10. L3 Communications
> Arms sales: $8.77 billion
> Total sales: $10.47 billion
> Profit: $282 million
> Employees: 38,000

L3 Communication divides its business into three segments: electronic systems, aerospace systems, and communication systems. Though the company has private and commercial clients, including airports worldwide that use L3’s screening technology at security checkpoints, it is primarily a defense contractor.

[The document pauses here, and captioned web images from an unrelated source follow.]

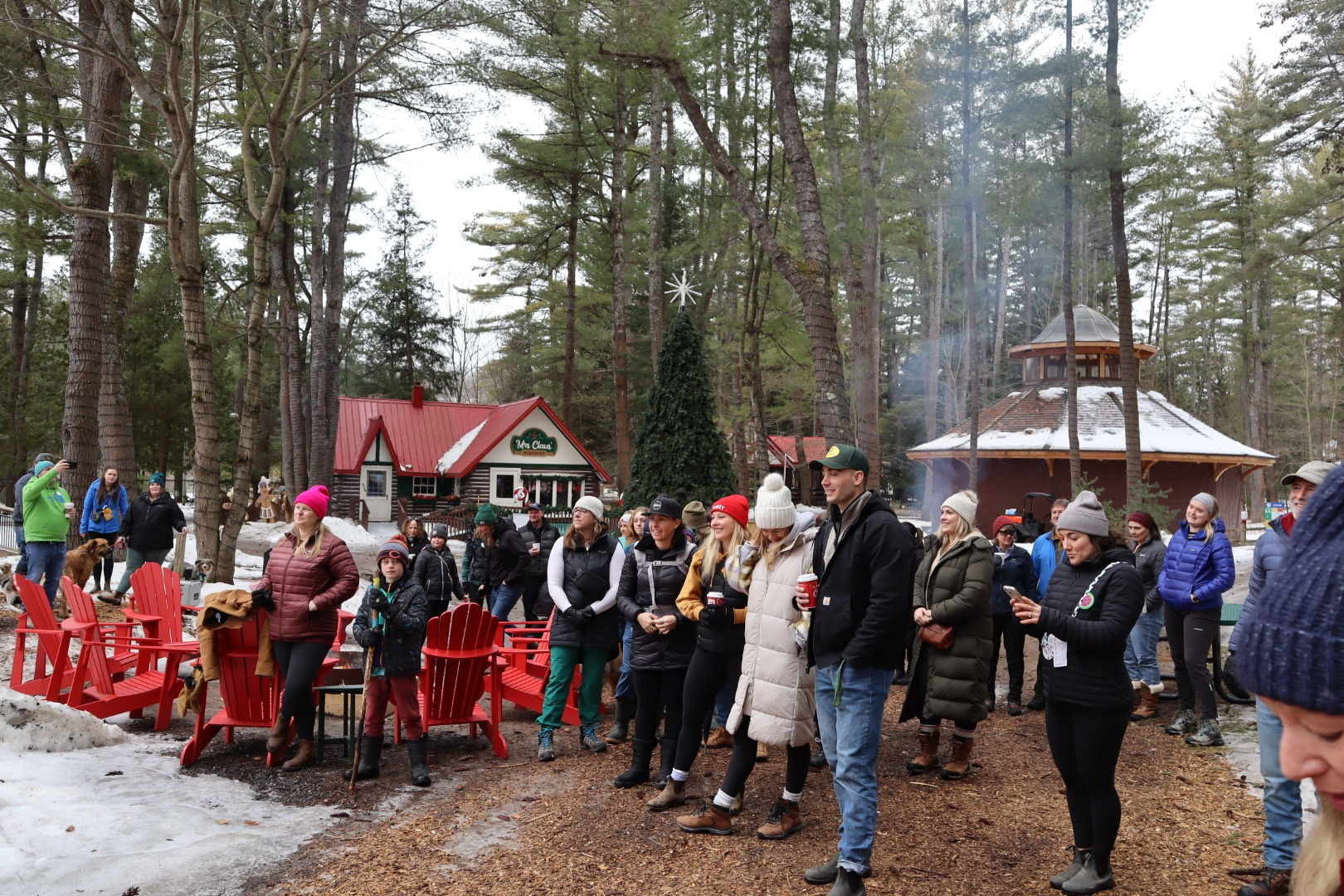 event participants gather around the campfire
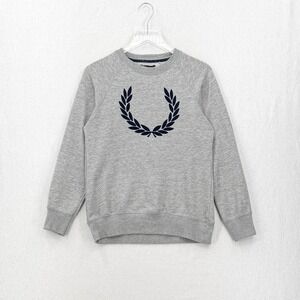 FRED PERRY Laurel Wreath Crewneck Sweatshirt Men Gray Heather Pullover Casual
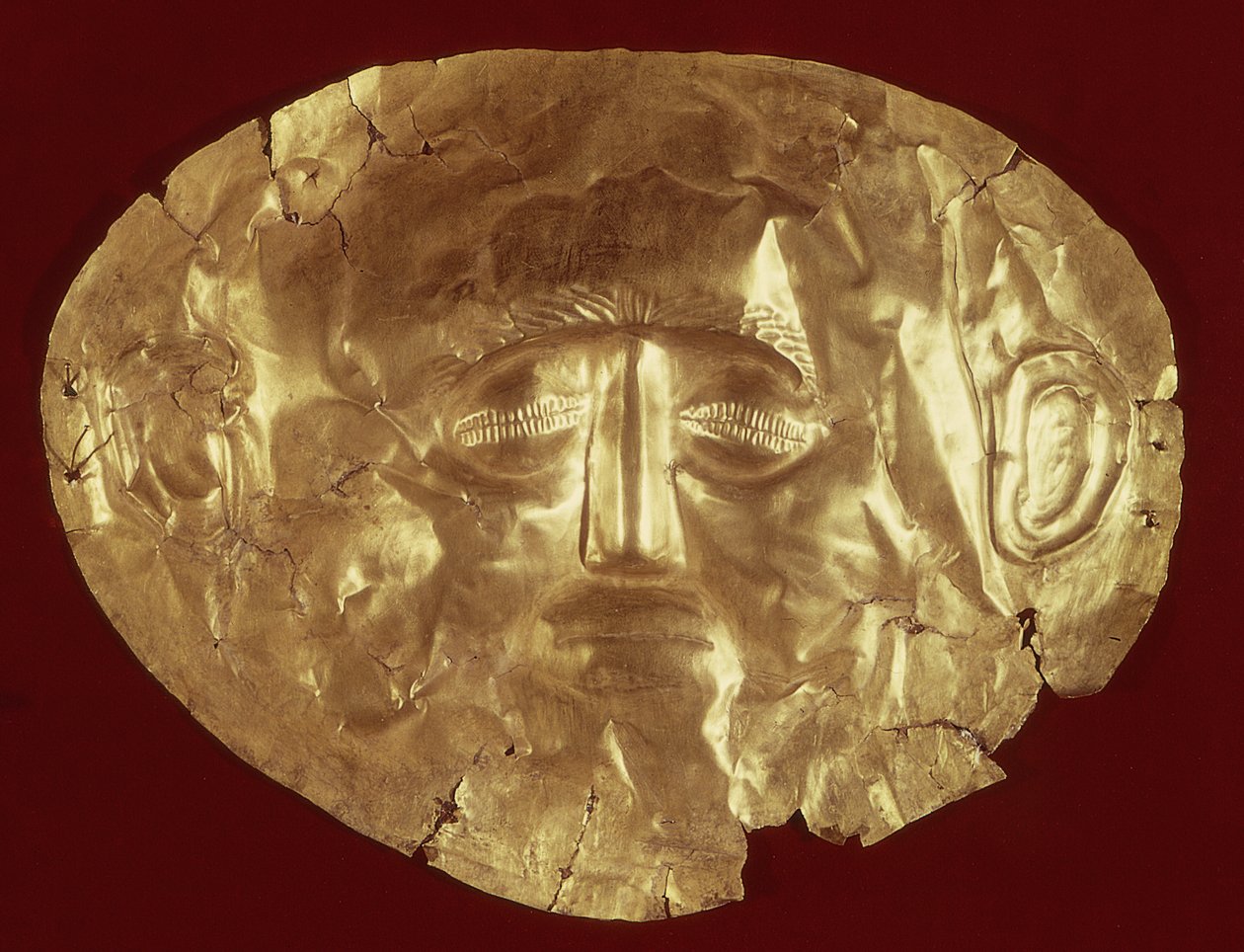 Totenmaske aus dem Königlichen Grab IV, Mykene, ca. 1580-1550 v. Chr. von Mycenaean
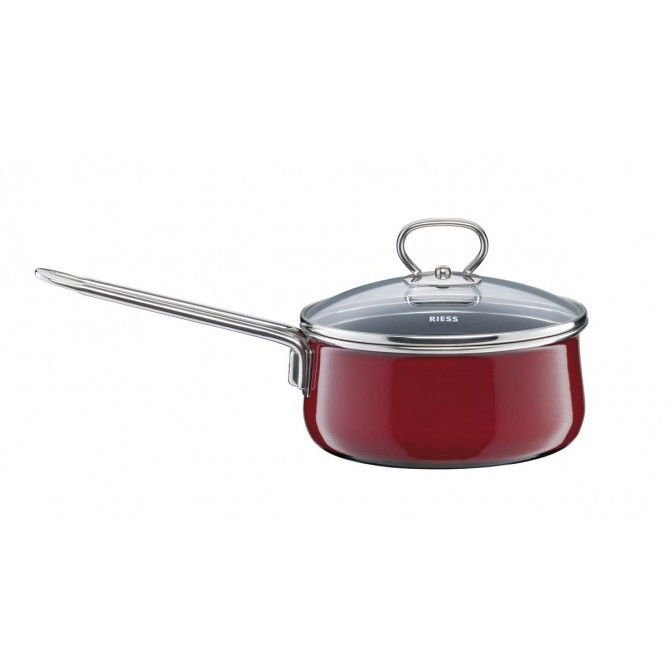 RIESS Rosso Pfanne 1 l bordó - smaltovaný kastrol s poklicí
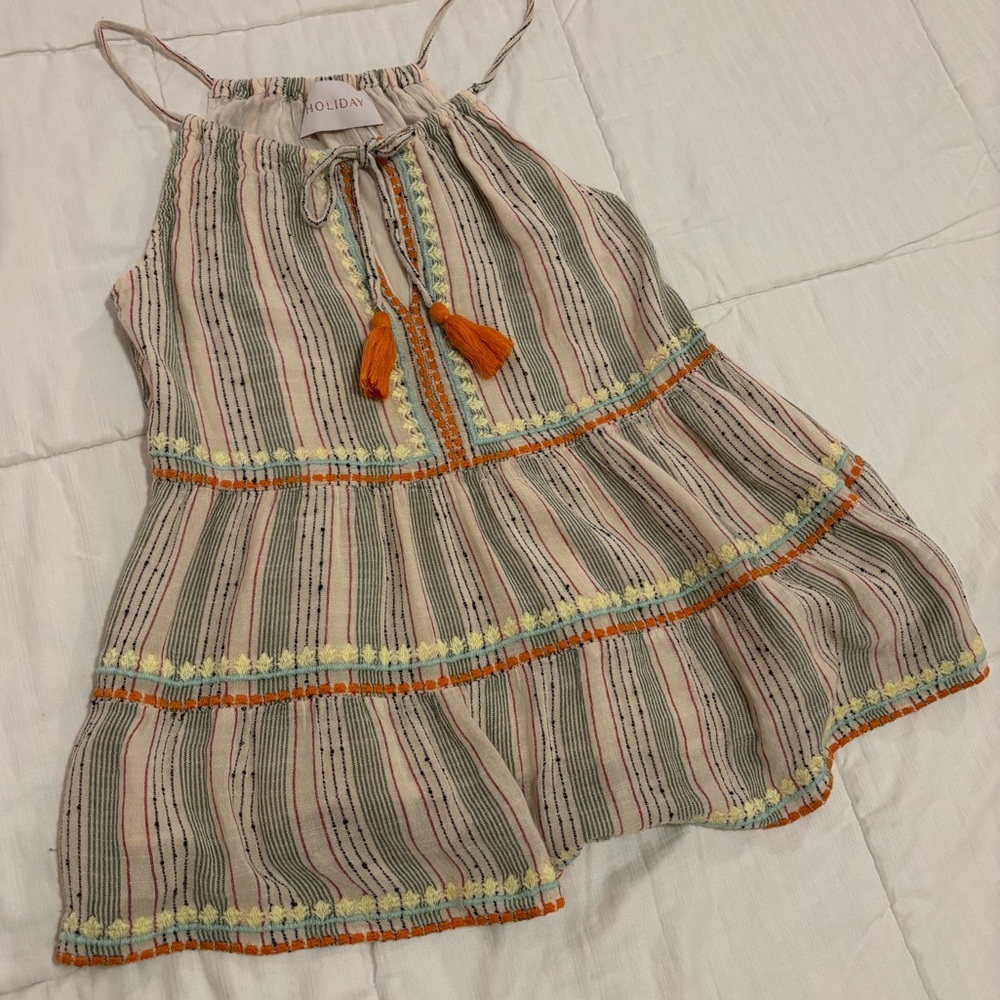 HOLIDAY Boho Festival Striped Embroidered Tank Top | Natural Fibers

Defense contracts accounted for some 84% of the company’s $10.47 billion in 2015 sales. Recently, the company won a contract with the U.S. Navy to manufacture power distribution and switchgear components for Virginia Class Submarines.

9. Finmeccanica
> Arms sales: $9.30 billion
> Total sales: $14.41 billion
> Profit: $584 million
> Employees: 47,160

Italian aerospace company Finmeccanica, after a wave of restructuring, mergers, and consolidation, was renamed Leonardo in the middle of last year. The change somewhat reflects the financial struggles of companies that depend on government spending in European countries, many of which have implemented severe austerity measures in recent years. Finmeccanica posted in 2011 a net loss of $3.0 billion, which the company attributed to ongoing corruption probes in Italy but also partially to market fluctuations across the continent. At the end of last year, the Canadian government selected Airbus Group over Leonardo for a contract to replace the country’s 19 search-and-rescue planes.

The company remains one of the largest military procurement companies in the world, and as of its latest fiscal year had returned to profitability.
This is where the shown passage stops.